[Exercise directions]: Below are records with pictures. Reproduce exactly the lines from the line with "Migranten und Vertreter" to the line with "Hotel Leonardo Da", inclusive, and leave each picture out.

[Extracted material]:
----
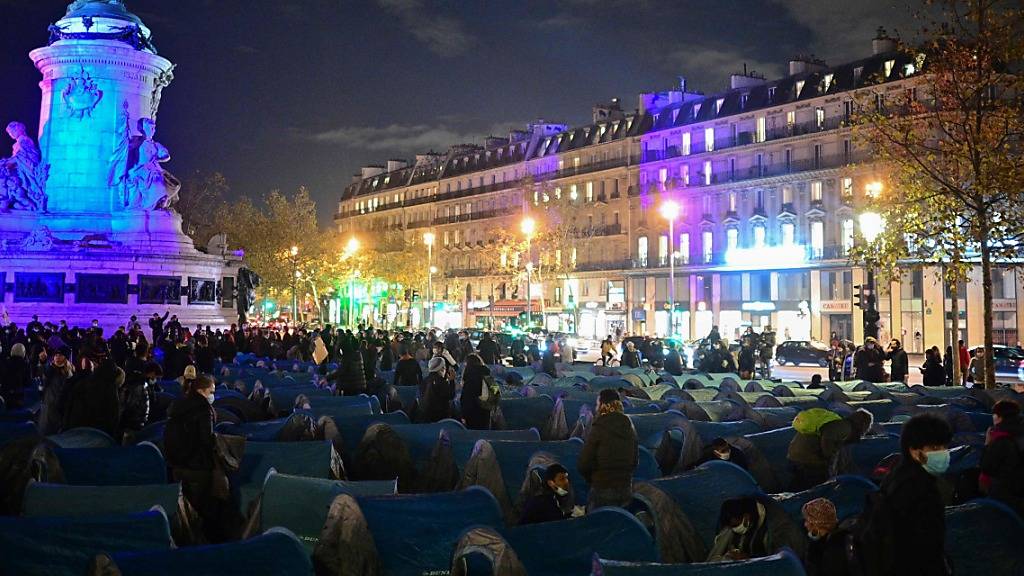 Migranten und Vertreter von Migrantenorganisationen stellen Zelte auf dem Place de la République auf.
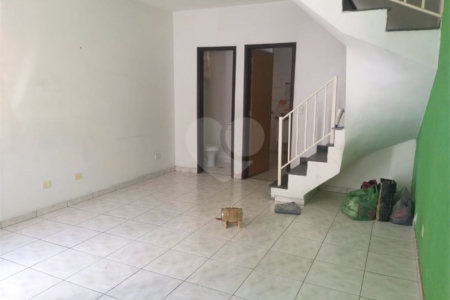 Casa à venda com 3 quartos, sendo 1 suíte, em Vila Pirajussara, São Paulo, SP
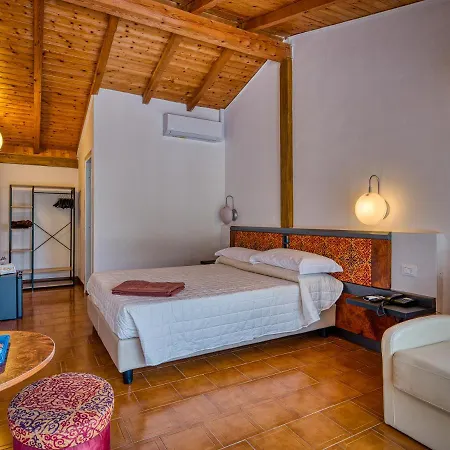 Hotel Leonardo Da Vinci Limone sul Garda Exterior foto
----
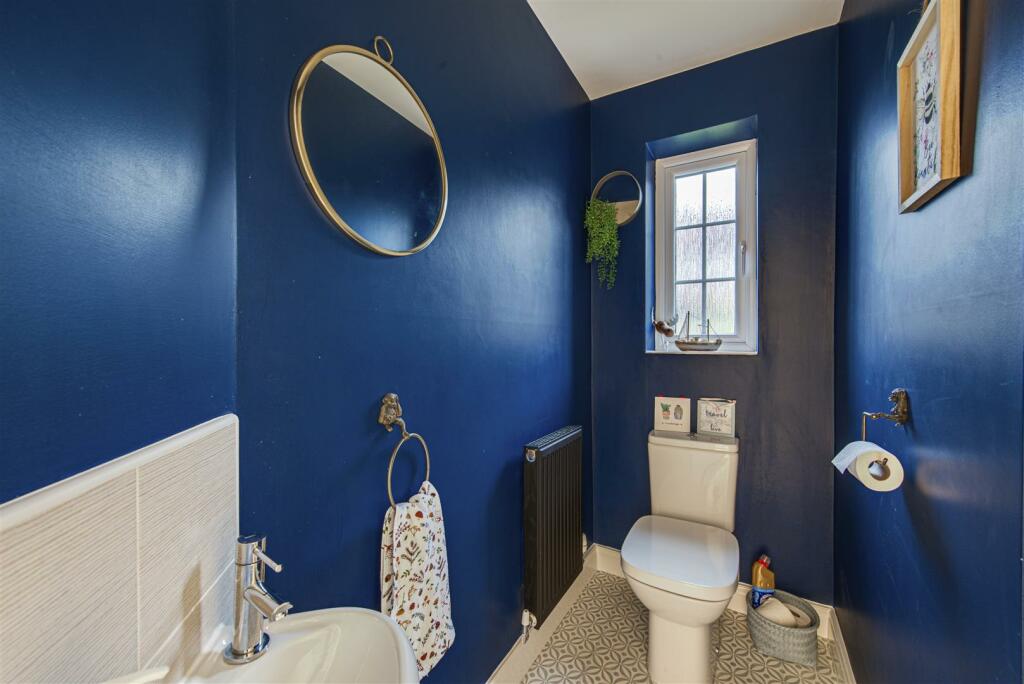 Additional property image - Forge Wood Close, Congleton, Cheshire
----
[Result for this exercise]:
 Migranten und Vertreter von Migrantenorganisationen stellen Zelte auf dem Place de la République auf.
 Casa à venda com 3 quartos, sendo 1 suíte, em Vila Pirajussara, São Paulo, SP
 Hotel Leonardo Da Vinci Limone sul Garda Exterior foto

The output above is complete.